Exercise goal: Would you transcribe the records below exactly, omitting every picture?

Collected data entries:
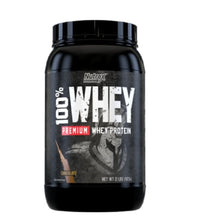 100% Whey Chocolate 2lbs By Nutrex Research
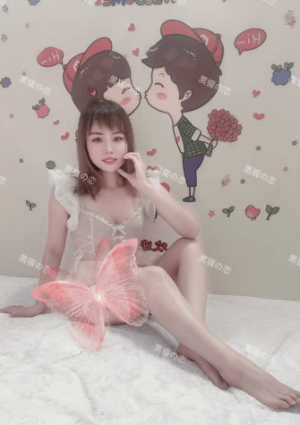 黒猫の恋 みかちゃん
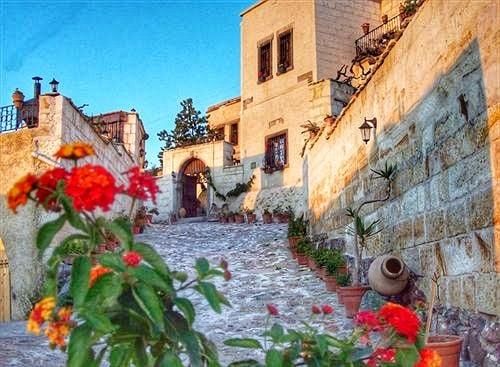 Cappa Villa Cave Hotel — 8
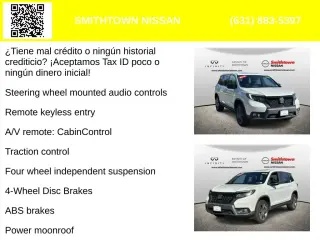 Honda Passport 2019 AWD EX-L 4dr SUV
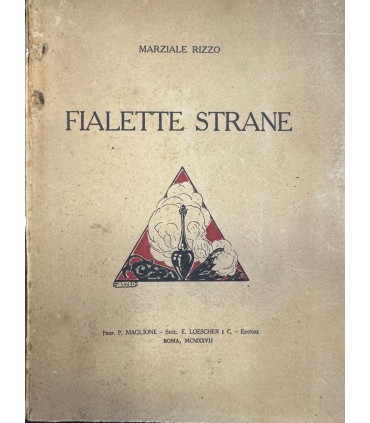 Fialette strane.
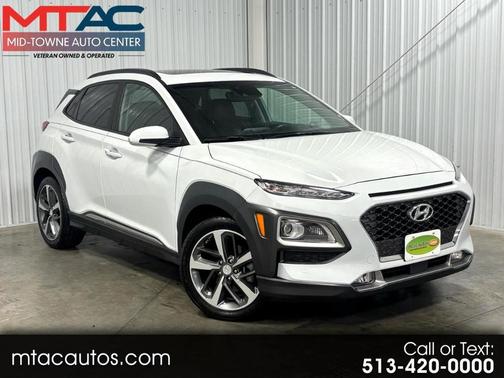 2020 Hyundai KONA Ultimate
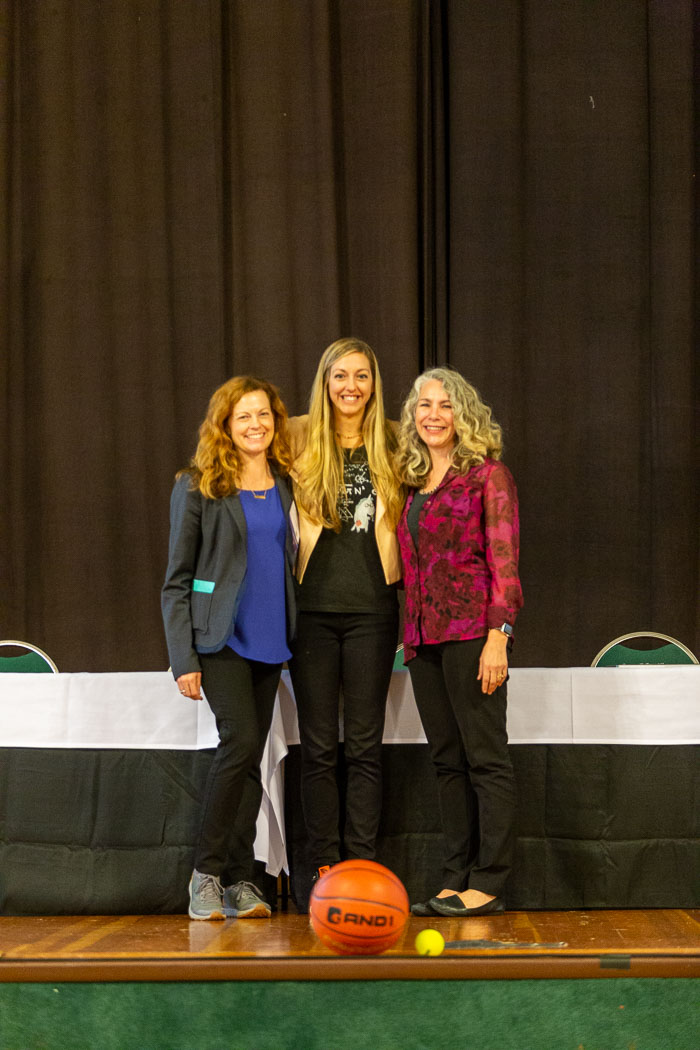 Science Talk 2019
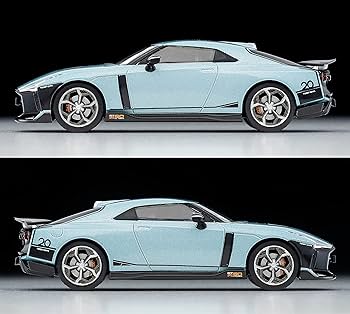 【新品】TOMYTEC NISSAN GT-R50 テストカー Amazon | トミーテック(TOMYTEC) トミカリミテッドヴィンテージ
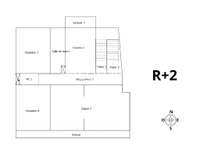 Vente maison 11 pièces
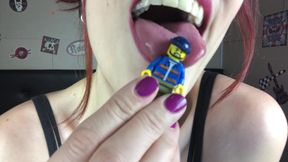 Giantess Eating Fetish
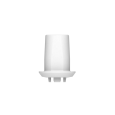 NobelPearl Abutment Straight Inter-X WP 1mm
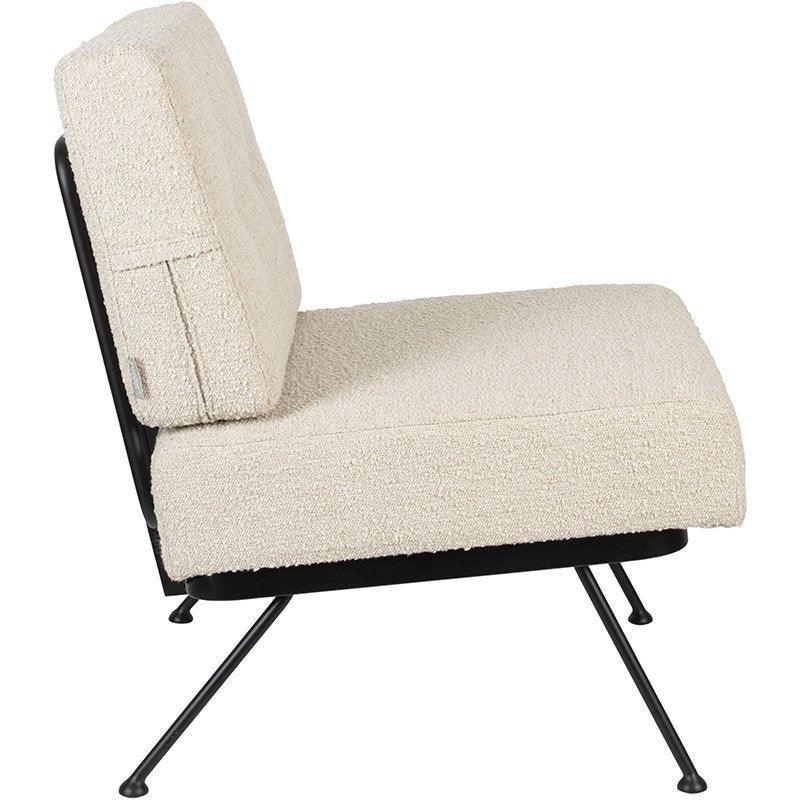 Bowie Lounge Chair - WOO .Design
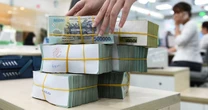 Tiền gửi doanh nghiệp giảm hơn 127.000 tỷ trong một tháng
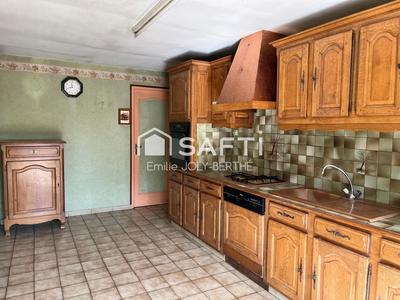 Maison - 105 m² - 5 pièces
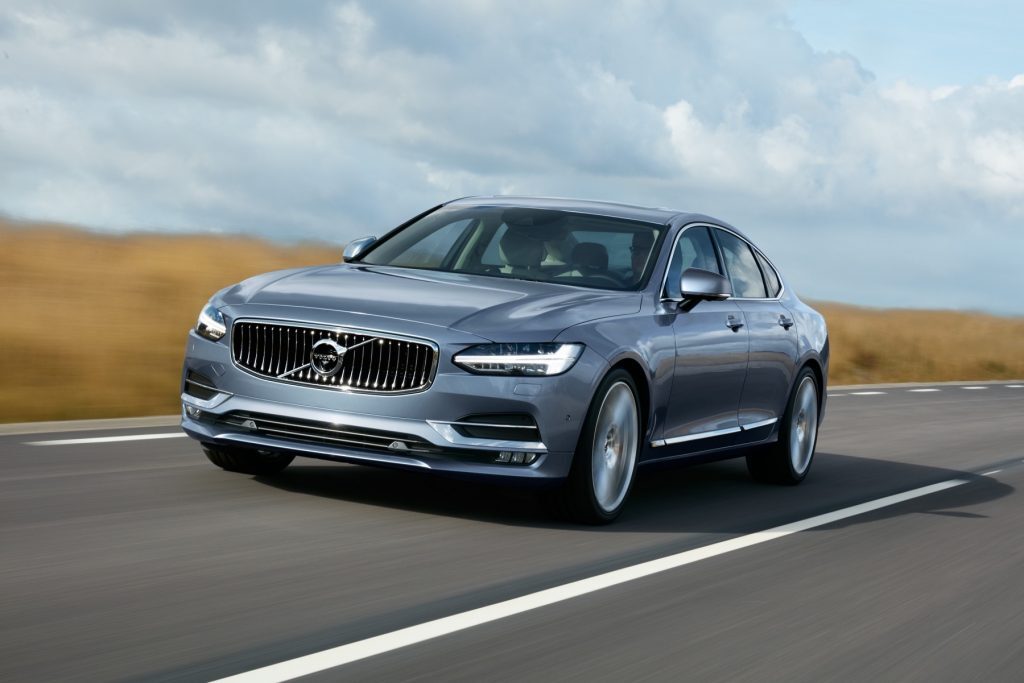 2019 Volvo S90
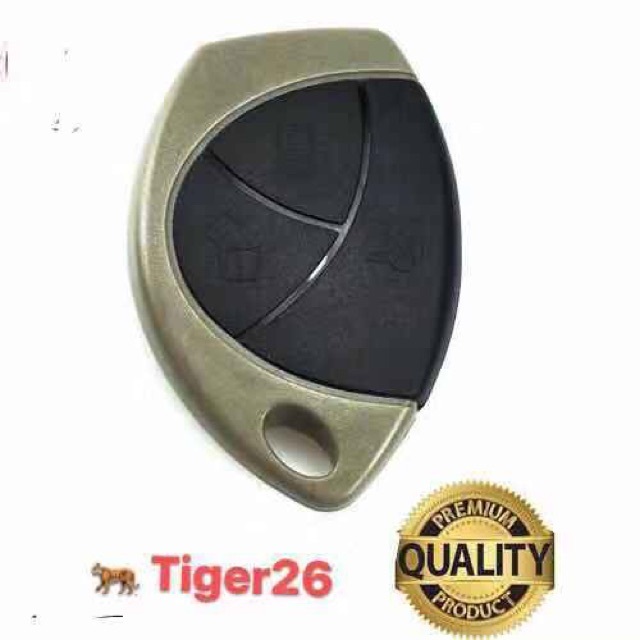 TOYOTA VIOS HILUX VIGO UNSER INNOVA FORTUNER COBRA 3 BUTTON CAR ALARM ...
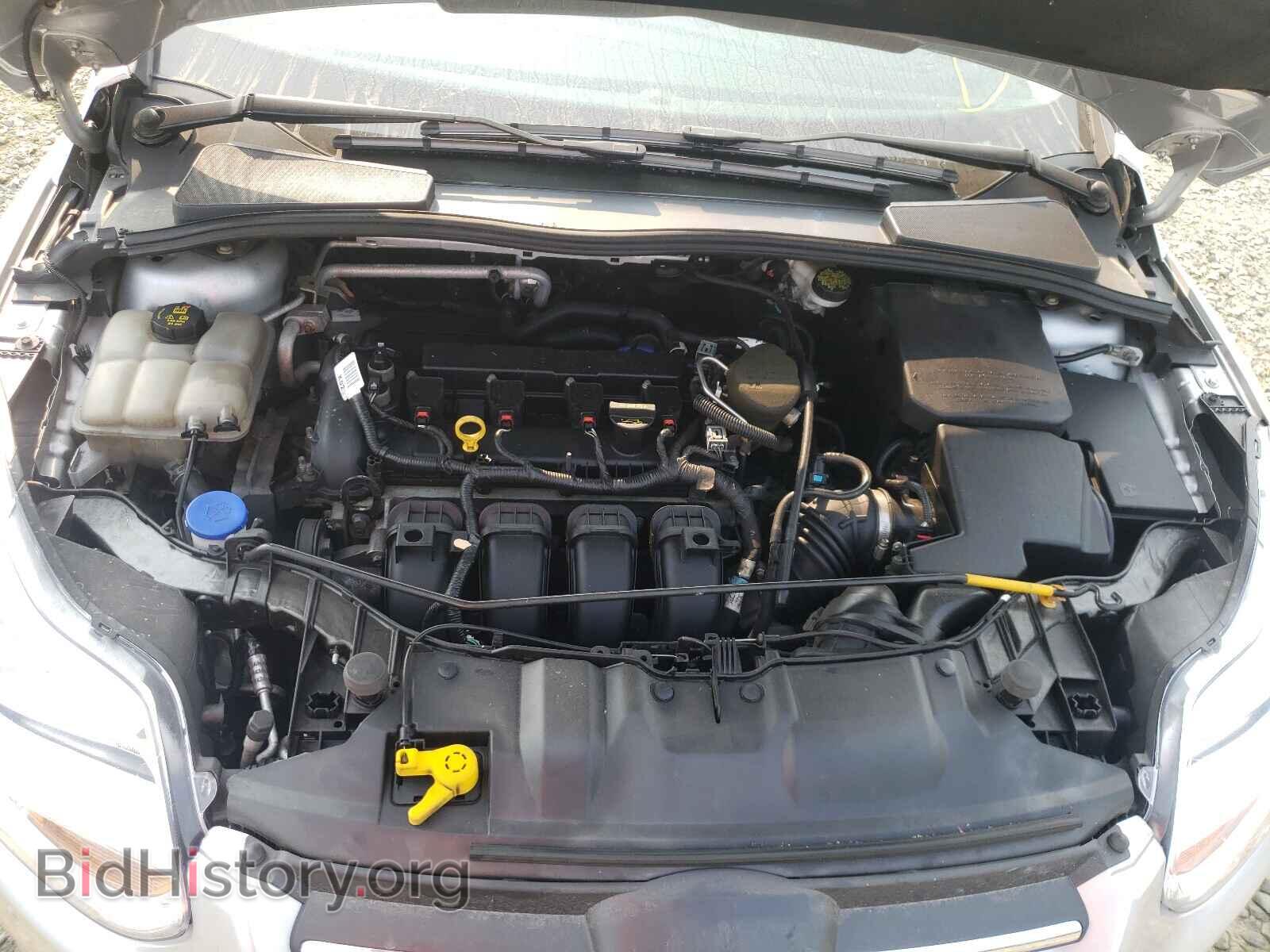 2014 FORD FOCUS - VIN: 1FADP3F29EL182008 - Фото 7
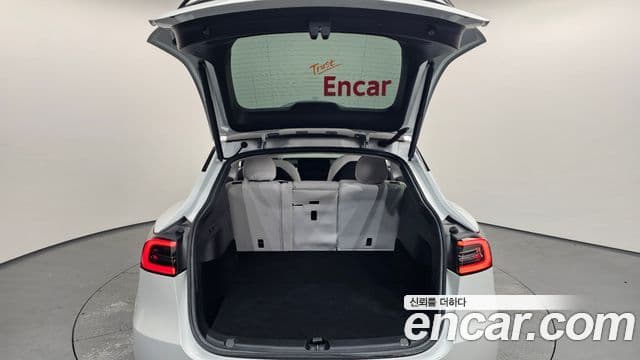 Tesla модель Y Long Range AWD, 2021 20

Reply:
 100% Whey Chocolate 2lbs By Nutrex Research
 黒猫の恋 みかちゃん
 Cappa Villa Cave Hotel — 8
 Honda Passport 2019 AWD EX-L 4dr SUV
 Fialette strane.
 2020 Hyundai KONA Ultimate
 Science Talk 2019
 【新品】TOMYTEC NISSAN GT-R50 テストカー Amazon | トミーテック(TOMYTEC) トミカリミテッドヴィンテージ
 Vente maison 11 pièces
 Giantess Eating Fetish
 NobelPearl Abutment Straight Inter-X WP 1mm
 Bowie Lounge Chair - WOO .Design
 Tiền gửi doanh nghiệp giảm hơn 127.000 tỷ trong một tháng
 Maison - 105 m² - 5 pièces
 2019 Volvo S90
 TOYOTA VIOS HILUX VIGO UNSER INNOVA FORTUNER COBRA 3 BUTTON CAR ALARM ...
 2014 FORD FOCUS - VIN: 1FADP3F29EL182008 - Фото 7
 Tesla модель Y Long Range AWD, 2021 20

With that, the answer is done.